## [What is required]
In the records below, count every line that includes the word "with". Provide the total alone.

Short text fragments from websites:
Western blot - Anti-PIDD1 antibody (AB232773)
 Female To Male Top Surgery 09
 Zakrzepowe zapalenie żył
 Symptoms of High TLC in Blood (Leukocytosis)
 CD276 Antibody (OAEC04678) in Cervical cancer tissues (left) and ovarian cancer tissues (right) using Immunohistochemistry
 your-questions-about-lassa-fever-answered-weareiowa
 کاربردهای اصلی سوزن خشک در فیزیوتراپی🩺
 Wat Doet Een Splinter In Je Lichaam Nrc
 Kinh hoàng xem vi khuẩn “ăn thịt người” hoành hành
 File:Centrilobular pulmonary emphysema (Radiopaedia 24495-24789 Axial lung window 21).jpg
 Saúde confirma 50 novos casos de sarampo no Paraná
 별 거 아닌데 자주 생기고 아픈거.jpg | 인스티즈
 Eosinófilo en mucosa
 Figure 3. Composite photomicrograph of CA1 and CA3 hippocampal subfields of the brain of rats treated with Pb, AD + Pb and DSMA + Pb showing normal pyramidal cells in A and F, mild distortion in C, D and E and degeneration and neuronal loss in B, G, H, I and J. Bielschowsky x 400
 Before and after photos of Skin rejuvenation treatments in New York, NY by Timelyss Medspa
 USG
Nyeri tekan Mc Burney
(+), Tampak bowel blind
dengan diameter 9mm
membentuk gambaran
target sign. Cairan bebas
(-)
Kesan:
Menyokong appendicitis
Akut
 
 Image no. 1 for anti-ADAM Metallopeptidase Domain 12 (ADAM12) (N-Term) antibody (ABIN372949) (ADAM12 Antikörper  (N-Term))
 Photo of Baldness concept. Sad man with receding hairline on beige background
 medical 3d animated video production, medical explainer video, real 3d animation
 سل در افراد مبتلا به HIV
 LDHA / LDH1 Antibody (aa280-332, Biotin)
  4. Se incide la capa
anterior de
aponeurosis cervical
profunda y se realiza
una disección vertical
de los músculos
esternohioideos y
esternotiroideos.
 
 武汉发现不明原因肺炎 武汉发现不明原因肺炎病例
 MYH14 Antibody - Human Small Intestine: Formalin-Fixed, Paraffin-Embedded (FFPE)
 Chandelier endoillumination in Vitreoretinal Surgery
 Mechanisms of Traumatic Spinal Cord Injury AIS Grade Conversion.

## [Answer for the task]
2